Studies are great tools for PR-professionals. Sometimes, we issue them ourselves to use in PR-strategies, or we use them in our client presentations to make a case. So, of course we jump happily on new studies, as has happened with the recent Forrester podcasting report. The line everybody jumped on was:
Our survey showed that only 1% of online households in North America regularly download and listen to podcasts.
This lead to statements such as podcasting is still just for geeks for example. Over night, podcasting as a PR-tool becomes indefinitely harder to sell. Look at other stats though:
3% of people 12-24 attribute reduced use of radio to listening to podcasts.

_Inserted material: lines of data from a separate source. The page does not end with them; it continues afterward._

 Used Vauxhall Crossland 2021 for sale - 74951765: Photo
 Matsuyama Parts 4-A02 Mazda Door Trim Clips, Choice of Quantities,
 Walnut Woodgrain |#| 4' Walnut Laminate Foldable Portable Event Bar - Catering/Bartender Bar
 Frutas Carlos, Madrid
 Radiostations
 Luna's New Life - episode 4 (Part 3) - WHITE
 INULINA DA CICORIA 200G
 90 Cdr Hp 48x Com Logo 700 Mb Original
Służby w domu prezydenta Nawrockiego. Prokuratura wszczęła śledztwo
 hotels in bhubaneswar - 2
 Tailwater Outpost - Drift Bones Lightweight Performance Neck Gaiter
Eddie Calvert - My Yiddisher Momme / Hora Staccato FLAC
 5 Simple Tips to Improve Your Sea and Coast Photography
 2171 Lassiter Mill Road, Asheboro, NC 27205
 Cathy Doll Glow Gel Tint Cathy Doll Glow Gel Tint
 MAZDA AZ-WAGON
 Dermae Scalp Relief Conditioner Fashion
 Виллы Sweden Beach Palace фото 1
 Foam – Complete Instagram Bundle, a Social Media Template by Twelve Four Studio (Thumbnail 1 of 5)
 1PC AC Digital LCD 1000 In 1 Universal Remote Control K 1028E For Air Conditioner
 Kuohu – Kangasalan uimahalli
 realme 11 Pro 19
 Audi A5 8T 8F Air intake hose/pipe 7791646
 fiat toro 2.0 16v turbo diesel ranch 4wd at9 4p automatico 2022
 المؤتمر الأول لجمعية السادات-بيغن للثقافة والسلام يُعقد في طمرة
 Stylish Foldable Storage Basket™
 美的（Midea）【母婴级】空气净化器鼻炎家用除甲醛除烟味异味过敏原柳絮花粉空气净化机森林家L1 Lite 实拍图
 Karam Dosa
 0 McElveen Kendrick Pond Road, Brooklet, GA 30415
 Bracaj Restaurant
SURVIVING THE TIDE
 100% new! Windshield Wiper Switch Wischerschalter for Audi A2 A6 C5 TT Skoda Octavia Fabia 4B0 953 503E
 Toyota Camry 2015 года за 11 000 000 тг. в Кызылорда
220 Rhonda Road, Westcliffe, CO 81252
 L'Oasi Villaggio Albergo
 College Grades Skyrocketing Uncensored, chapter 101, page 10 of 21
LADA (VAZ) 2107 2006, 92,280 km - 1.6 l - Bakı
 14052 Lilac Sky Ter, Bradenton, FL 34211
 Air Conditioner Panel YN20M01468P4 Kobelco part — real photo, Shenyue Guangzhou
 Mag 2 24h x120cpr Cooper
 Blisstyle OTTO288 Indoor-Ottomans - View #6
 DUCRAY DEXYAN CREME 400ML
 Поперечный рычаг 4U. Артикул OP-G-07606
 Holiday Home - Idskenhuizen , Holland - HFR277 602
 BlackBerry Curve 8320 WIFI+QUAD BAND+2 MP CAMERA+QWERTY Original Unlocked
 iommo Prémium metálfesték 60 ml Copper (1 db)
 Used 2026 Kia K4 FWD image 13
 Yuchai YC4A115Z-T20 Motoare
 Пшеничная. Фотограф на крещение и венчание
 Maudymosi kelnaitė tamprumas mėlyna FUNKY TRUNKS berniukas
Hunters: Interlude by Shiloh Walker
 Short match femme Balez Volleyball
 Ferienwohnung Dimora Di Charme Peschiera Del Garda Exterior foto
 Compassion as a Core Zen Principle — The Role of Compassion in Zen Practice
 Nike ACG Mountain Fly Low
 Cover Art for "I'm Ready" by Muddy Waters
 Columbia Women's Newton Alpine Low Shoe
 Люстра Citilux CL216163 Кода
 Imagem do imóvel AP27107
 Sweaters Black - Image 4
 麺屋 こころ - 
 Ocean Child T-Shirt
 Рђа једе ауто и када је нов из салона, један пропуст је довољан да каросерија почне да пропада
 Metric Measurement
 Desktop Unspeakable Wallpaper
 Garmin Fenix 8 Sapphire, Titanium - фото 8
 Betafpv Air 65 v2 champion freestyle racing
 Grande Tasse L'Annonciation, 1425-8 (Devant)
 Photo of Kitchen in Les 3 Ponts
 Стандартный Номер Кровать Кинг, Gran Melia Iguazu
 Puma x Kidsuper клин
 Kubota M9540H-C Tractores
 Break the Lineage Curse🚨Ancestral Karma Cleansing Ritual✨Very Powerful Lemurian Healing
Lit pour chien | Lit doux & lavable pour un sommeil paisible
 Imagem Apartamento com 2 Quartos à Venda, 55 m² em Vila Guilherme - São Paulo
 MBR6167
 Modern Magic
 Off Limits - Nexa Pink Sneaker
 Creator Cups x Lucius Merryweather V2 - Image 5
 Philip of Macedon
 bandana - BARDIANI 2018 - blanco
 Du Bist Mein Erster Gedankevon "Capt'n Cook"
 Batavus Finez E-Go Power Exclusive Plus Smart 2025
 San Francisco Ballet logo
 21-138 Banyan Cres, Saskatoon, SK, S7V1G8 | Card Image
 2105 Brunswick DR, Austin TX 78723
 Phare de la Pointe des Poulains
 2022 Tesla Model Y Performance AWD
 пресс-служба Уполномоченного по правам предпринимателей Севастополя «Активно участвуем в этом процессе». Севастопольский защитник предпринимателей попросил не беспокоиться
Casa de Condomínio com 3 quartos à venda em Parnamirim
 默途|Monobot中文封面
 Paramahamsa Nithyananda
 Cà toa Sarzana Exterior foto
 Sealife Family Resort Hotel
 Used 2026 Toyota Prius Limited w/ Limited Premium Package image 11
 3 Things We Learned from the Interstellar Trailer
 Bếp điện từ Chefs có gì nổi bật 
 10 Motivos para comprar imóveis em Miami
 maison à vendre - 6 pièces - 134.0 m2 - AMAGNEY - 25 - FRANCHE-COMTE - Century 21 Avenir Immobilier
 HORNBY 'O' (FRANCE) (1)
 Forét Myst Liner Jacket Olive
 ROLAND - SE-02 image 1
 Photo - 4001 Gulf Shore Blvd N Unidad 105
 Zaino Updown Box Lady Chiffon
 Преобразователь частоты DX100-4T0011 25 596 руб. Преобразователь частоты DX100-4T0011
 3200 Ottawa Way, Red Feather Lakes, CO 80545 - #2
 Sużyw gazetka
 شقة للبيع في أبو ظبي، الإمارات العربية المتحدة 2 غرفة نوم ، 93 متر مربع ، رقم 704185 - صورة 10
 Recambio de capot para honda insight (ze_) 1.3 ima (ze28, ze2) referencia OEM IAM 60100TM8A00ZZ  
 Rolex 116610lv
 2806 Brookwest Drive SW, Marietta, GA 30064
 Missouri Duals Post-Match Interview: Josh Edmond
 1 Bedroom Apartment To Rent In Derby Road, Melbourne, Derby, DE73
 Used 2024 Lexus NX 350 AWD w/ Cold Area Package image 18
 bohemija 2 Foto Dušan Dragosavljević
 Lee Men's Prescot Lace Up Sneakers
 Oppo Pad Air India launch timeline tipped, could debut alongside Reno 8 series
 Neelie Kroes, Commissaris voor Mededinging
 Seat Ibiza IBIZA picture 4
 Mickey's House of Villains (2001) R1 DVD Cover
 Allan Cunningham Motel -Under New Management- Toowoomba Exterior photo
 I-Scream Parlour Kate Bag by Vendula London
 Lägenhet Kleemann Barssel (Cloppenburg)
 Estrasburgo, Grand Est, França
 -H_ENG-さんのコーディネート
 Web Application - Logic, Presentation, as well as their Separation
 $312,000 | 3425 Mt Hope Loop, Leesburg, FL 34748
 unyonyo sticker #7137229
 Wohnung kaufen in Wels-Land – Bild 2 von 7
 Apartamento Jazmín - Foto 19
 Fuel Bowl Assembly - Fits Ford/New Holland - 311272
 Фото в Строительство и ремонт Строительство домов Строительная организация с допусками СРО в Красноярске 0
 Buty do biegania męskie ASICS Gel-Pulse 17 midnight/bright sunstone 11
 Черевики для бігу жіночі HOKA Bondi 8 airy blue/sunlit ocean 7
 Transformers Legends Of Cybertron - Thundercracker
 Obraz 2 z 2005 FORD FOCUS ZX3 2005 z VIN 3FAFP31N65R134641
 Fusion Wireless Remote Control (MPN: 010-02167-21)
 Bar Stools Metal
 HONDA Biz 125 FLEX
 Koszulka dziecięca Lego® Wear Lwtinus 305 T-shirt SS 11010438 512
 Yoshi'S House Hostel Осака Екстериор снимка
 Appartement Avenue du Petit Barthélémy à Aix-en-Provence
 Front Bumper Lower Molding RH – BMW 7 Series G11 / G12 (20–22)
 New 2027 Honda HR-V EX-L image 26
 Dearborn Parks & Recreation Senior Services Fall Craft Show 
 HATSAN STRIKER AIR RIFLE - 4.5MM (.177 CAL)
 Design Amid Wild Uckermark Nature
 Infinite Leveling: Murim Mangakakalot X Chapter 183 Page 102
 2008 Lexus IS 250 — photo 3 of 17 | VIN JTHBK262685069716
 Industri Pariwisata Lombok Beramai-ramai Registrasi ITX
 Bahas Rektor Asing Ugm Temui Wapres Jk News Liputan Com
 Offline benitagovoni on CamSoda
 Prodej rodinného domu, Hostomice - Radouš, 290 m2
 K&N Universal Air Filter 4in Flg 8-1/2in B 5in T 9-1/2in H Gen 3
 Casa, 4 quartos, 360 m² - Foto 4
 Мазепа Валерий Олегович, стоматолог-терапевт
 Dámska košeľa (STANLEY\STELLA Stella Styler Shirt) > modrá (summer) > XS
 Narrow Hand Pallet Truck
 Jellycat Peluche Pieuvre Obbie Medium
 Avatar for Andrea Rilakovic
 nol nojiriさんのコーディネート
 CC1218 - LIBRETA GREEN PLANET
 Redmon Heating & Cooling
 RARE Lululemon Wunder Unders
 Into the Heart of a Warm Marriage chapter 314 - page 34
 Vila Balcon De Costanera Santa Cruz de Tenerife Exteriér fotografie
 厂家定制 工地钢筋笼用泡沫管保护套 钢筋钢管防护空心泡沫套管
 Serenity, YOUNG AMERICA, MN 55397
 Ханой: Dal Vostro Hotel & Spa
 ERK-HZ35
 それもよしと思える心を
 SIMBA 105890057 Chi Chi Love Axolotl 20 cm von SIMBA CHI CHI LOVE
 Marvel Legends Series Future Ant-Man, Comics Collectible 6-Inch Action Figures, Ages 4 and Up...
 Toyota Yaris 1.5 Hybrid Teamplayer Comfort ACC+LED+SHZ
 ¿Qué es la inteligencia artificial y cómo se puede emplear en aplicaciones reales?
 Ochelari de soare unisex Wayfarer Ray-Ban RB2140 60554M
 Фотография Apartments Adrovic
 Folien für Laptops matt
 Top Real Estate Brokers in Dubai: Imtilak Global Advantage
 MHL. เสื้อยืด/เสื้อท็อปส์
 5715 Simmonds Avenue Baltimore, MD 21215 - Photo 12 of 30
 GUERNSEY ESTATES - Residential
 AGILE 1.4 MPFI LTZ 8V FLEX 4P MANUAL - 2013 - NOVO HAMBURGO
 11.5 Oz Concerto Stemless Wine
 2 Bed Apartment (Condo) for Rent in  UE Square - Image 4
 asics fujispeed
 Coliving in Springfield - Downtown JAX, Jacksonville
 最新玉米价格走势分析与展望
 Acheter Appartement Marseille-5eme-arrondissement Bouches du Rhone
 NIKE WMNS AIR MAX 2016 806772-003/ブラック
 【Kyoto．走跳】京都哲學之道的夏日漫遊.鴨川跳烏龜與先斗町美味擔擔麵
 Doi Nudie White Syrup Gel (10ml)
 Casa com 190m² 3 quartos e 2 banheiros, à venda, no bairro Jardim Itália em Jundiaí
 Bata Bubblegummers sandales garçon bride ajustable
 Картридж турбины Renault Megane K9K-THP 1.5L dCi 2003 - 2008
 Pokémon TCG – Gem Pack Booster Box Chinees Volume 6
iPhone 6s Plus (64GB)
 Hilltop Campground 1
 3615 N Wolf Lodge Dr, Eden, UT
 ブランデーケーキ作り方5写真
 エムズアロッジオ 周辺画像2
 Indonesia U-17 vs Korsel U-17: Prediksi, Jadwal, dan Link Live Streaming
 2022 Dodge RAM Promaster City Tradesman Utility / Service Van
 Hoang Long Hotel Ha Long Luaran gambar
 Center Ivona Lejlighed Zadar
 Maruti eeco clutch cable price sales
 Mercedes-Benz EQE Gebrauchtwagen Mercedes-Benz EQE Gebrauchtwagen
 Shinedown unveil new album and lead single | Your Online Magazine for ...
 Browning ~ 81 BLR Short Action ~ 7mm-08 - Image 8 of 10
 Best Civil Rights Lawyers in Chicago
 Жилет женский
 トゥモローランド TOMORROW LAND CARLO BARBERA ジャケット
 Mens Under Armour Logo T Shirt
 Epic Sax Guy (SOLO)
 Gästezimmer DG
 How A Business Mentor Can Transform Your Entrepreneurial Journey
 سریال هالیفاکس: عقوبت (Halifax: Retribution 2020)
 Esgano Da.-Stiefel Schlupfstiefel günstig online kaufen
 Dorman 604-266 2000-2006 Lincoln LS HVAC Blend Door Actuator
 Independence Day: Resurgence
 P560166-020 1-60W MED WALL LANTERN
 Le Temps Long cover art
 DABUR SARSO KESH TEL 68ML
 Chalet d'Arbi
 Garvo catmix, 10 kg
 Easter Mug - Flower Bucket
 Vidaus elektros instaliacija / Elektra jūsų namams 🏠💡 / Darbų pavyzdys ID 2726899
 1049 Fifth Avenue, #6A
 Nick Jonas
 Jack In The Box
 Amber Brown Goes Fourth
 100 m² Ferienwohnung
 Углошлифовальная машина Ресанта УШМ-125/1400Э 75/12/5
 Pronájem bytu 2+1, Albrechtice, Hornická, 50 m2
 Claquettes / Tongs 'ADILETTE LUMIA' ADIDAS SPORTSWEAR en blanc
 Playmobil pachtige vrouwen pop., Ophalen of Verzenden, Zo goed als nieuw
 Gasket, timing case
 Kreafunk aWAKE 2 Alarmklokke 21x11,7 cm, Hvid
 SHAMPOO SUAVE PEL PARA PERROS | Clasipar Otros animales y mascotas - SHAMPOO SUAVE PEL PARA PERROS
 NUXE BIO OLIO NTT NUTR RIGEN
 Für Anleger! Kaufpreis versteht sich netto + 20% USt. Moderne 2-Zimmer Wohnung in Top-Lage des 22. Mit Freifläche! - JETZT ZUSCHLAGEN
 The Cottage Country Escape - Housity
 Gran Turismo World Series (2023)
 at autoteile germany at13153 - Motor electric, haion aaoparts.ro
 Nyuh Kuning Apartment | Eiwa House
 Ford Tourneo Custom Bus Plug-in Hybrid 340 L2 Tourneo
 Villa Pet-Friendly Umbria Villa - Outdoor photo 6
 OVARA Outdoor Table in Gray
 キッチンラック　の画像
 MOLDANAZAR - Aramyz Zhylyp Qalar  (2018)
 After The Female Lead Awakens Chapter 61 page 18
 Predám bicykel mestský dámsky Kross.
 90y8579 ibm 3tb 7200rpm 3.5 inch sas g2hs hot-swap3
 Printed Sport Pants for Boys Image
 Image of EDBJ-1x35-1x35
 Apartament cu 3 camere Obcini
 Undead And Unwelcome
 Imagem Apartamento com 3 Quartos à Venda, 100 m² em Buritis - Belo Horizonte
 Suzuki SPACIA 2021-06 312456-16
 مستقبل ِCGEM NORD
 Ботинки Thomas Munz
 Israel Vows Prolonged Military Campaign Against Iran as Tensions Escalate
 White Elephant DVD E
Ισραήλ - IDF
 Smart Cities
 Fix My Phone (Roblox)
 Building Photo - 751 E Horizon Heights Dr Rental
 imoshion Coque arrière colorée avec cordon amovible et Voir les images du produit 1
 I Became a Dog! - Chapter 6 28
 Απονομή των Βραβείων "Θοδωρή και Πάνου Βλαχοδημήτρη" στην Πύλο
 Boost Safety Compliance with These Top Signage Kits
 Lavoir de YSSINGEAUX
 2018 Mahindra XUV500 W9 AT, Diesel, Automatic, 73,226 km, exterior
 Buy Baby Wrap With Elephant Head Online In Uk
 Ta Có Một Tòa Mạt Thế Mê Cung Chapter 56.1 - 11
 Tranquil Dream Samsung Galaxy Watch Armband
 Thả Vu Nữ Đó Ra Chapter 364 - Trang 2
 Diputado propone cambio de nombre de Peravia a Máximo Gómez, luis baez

Podcasting is beginning to show evidence of cannibalizing radio’s time-spent-listening. (Link, study by Bridge Ratings)FeedBurner reports that the number of podcasts grows at a rate of 15%/month. (Link).
185.55 million users online in the US (Link, October 2005) via Neville
1 percent is about 1,8 million. Isn’t that a great number of potential customers? I’d say so. And remember, it is not about the numbers, but who listens. Listen to what guests on shows like the Gillmor Gang or Gillmor Daily have to say, how they have listened to this episode or that episode and enjoyed it (Hugh McLeod and Robert Scoble are two recent examples).
The potential is immense, and in my opinion, the Forrester report took a little air out of it, even if unintended. I’d go exactly the other way. Make one yourself. Keep it up. Tell everybody about it.